A foster care therapist works to make sure her kids “have better tomorrows”
A child’s drawing of two handprints sits atop Carolyn Catania’s bookshelf. Inside one is the child’s description of Catania: “She is kind, she helps kids feel better, and she likes coffee.”
One of the handprints is Catania’s. The other belongs to a girl Catania works with at Good Shepherd Services’ family foster care program in the Morris Heights section of the Bronx.
“This is my dream job,” says Catania, who provides individual supportive therapy to children ages 5 to 21 in New York City’s foster care system. “I feel lucky that I get to spend my days working to make sure my kids have better tomorrows by helping them heal from their past, learn to have hope, and recognize they are more than just a foster kid.”
A Long Island native, Catania majored in psychology at Fordham and went on to earn a master’s degree in social work at the Graduate School of Social Service—while also pursuing a master’s degree in public health at Icahn School of Medicine at Mount Sinai and working full time at Good Shepherd Services.
She became a staunch advocate for change within the foster care system, striving to help those who work with foster children understand childhood trauma and mental health conditions. The goal, she says, is for children to stay stable in their foster placements, develop healthy relationships, and avoid retraumatization. She creates fact sheets and training sessions to make issues such as depression or post-traumatic stress disorder more approachable for staff members and families.
“I aspire to change the conversation tone from ‘What’s wrong with you?’ to ‘What’s happened to you?’” she says.
In 2016, after completing her MSW and licensure requirements, she was promoted to her current position as a therapist.
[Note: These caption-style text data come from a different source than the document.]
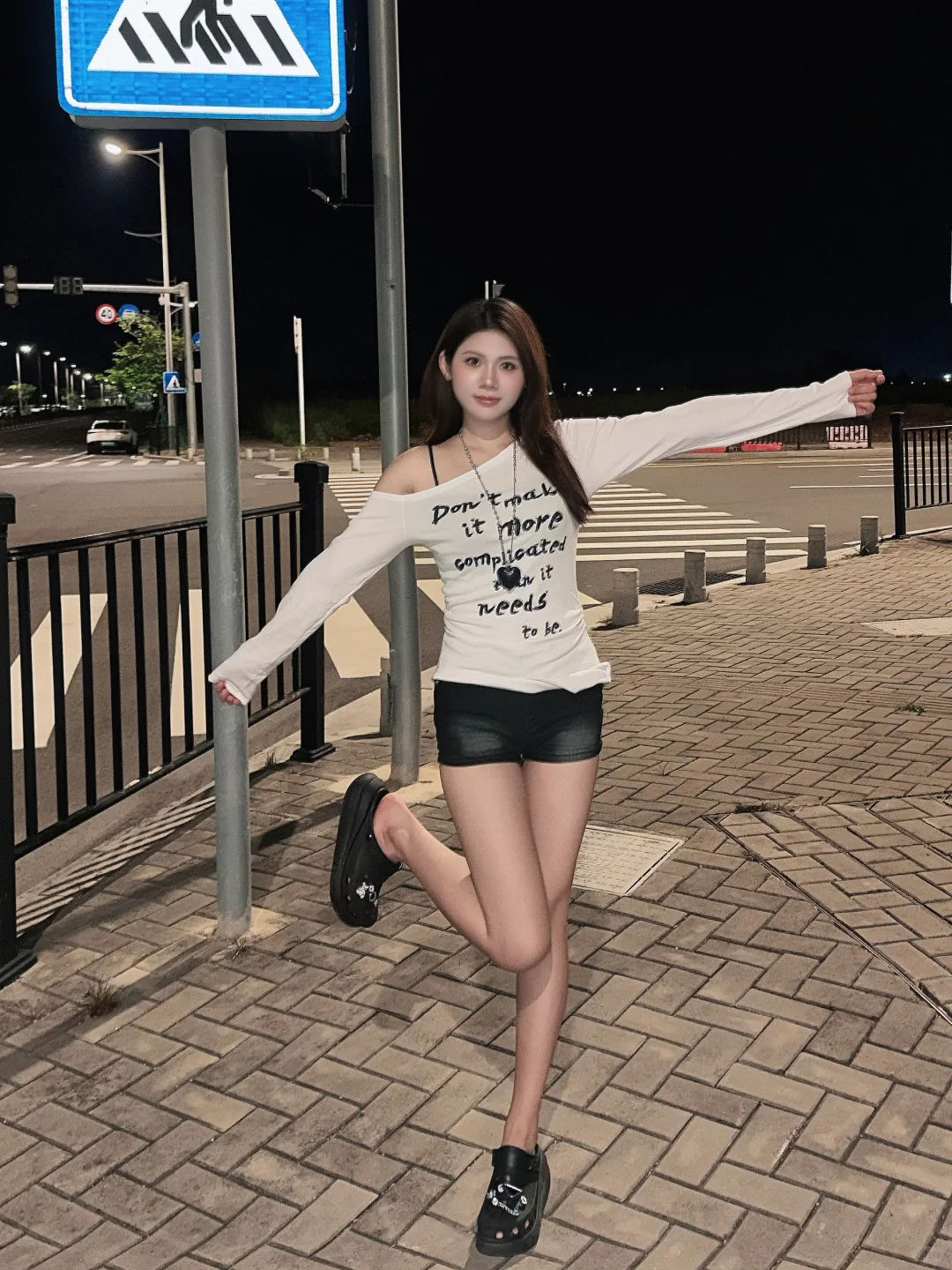 辣妹拍照姿势｜路边万能pose氛围感好学好看！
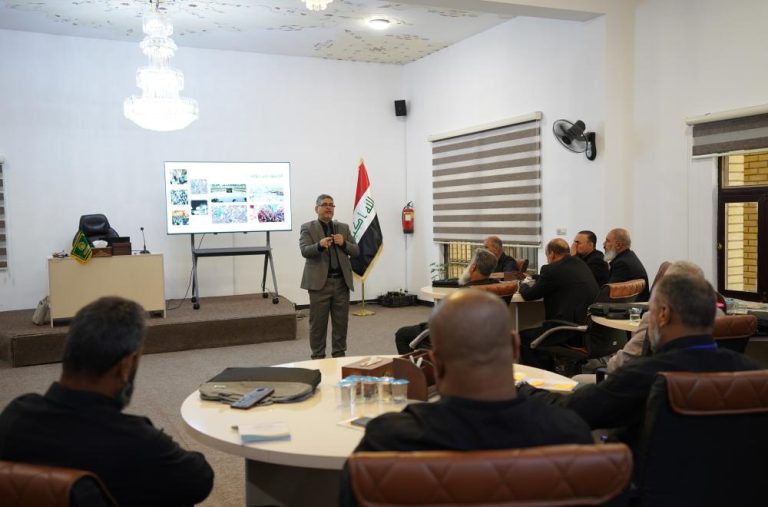 Servidores voluntarios del Sagrado Santuario Alawi durante un curso de formación especializado para prestar servicio a los peregrinos del Arbaín.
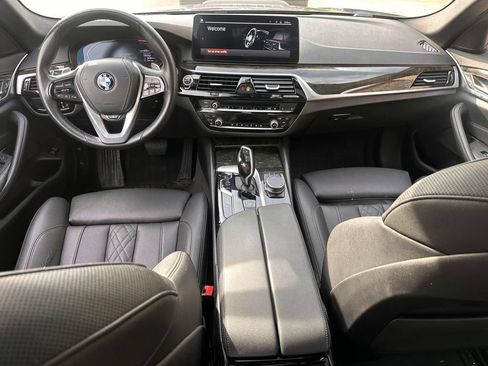 Used 2023 BMW 530i xDrive w/ Convenience Package AWD/4WD image 18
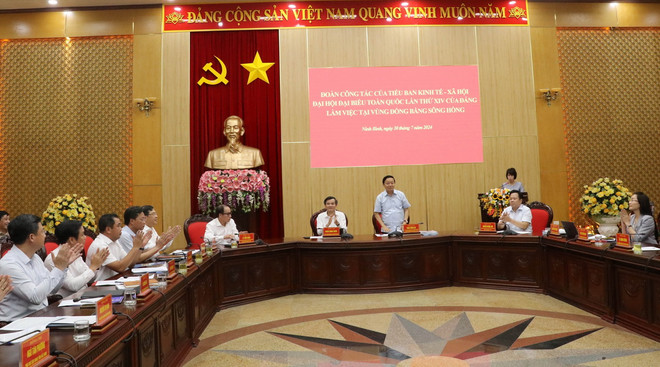 Quang cảnh hội nghị. (Ảnh: Hải Yến/TTXVN) ttxvn_tieu ban kinh te xa hoi 2.jpg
She hopes to work in international child welfare, an area she glimpsed while participating in two “life-changing” projects, in Guatemala and South Africa, sponsored by Fordham’s Global Outreach program.
Kathy Sommerich, the senior program director of health and mental health services at Good Shepherd Services, praises Catania’s “passion for doing the right thing, even if it’s the most difficult,” and says the children she works with reap the benefits, including the little girl who made the handprint drawing.
Inside her own handprint, the girl wrote, “I am brave.”